Des « criminels » de paix aux criminels de guerre

César Buga­ny, objec­teur de conscience, est actuel­le­ment en passe de subir, après une longue déten­tion, une nou­velle condamnation.

La troi­sième.

« Nul ne peut être pour­sui­vi deux fois pour un même délit. »

Cepen­dant, pour un même refus sans dis­con­ti­nui­té, cela fera, pour Buga­ny, trois condam­na­tions. Car l’autorité mili­taire renou­velle indé­fi­ni­ment la puni­tion en rame­nant l’objecteur de la pri­son (où il a ter­mi­né sa peine) à la caserne. Là, la per­sis­tance de l’objecteur dans son refus est arbi­trai­re­ment consi­dé­rée comme un nou­veau crime.

Par ce pro­cé­dé, des condam­na­tions suc­ces­sives menacent de main­te­nir l’objecteur en pri­son jusqu’à la limite d’âge militaire.

Ain­si, pour mani­fes­ter le droit et le devoir si natu­rels de ne pas tuer, face au tota­li­ta­risme mili­taire, le résis­tant devrait pas­ser plus de temps en pri­son qu’il n’en a déjà vécu.

Mais les gens sans conscience peuvent faire davan­tage encore pour mâter le refus d’une obéis­sance qui ne fut jamais promise !

Si per­sonne ne s’élève pour sou­te­nir ceux qui, ayant une conscience, n’entendent pas se lais­ser gou­ver­ner par ceux qui en sont dépour­vus, les résis­tants aux forces d’oppression mour­ront en pri­son, comme d’autres sont morts dans tous les pays du monde où sévit l’esclavage guerrier.

Et la liste des mar­tyrs pour crimes de Paix et de Liber­té ne ces­se­ra de s’allonger.

L’État-Souverain ne recon­naît pas à l’homme la liber­té de s’appartenir. L’homme appar­tient à l’État qui dis­pose de lui à son gré. L’État, n’ayant pas de conscience, n’en recon­naît point à l’homme. Il ne peut res­pec­ter le droit des gens, car il n’en a cure, lui, qui le foule sans cesse…

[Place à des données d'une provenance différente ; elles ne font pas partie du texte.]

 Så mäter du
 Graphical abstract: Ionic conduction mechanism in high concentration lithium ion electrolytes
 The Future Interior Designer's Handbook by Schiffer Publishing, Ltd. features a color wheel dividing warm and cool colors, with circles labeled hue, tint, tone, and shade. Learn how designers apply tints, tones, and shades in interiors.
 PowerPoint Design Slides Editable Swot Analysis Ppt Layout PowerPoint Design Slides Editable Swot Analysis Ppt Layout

L’État ne conçoit aucune inap­ti­tude morale. Il n’admet offi­ciel­le­ment que l’objection de tuber­cu­lose, l’objection car­diaque, l’objection pour pieds plats.

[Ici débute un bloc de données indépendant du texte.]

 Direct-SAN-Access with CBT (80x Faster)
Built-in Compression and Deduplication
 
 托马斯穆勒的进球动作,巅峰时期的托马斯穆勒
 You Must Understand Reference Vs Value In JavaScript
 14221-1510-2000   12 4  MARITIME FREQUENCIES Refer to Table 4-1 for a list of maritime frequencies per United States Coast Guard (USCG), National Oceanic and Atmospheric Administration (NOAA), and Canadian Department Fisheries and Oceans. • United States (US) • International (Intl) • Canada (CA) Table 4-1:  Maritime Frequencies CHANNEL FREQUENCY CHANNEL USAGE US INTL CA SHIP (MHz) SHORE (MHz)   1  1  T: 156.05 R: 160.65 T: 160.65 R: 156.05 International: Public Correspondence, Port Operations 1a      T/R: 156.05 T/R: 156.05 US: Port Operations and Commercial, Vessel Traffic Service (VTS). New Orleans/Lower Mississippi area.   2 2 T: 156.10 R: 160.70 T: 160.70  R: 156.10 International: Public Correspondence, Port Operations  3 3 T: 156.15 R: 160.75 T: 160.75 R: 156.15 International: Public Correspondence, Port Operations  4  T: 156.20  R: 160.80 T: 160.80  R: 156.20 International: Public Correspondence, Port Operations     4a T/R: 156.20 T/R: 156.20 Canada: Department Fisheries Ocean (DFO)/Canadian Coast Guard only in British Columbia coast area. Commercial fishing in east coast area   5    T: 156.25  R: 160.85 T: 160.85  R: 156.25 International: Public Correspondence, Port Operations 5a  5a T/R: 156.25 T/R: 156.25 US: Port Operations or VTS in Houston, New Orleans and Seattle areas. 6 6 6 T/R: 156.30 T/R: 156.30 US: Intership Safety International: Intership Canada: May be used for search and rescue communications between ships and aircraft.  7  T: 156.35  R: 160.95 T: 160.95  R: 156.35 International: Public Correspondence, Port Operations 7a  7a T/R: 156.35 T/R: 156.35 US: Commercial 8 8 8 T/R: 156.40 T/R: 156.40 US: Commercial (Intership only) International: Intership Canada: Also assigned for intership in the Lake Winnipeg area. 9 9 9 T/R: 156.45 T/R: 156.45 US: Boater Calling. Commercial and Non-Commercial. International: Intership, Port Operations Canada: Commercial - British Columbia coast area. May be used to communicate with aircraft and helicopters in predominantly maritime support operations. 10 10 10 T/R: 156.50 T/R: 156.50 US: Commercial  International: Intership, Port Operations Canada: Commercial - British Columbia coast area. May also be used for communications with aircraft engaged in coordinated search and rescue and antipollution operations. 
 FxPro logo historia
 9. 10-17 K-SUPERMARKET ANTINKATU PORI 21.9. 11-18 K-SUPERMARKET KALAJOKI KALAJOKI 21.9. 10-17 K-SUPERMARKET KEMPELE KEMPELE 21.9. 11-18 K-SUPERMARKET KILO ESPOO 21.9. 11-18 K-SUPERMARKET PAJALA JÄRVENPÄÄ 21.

Ain­si, autre­fois, étaient reje­tés par les négriers, les vieillards, les infirmes, les tarés, impropres à tout asservissement.

Ain­si, la guerre sélec­tion­nant les plus forts pour les détruire, ne laisse que les inaptes pour conti­nuer et refaire la Vie.

On ne men­sure que les corps, non les âmes.

Pas d’inaptes moraux !

Ce n’est donc que lorsqu’une longue déten­tion aura miné sa san­té au point de néces­si­ter une réforme sani­taire que l’objecteur pour­ra aller cra­cher ses pou­mons dehors.

Et encore ! ! !

L’objecteur Gérard Vidal, après avoir pas­sé quatre ans à Clair­vaux, fut réfor­mé et se vit condam­ner, quelques jours après sa réforme, à cinq ans et demi de pri­son, accom­plis inté­gra­le­ment. Il eut la chance de sur­vivre. Mais Georges Che­vé, un autre objec­teur, est mort en prison.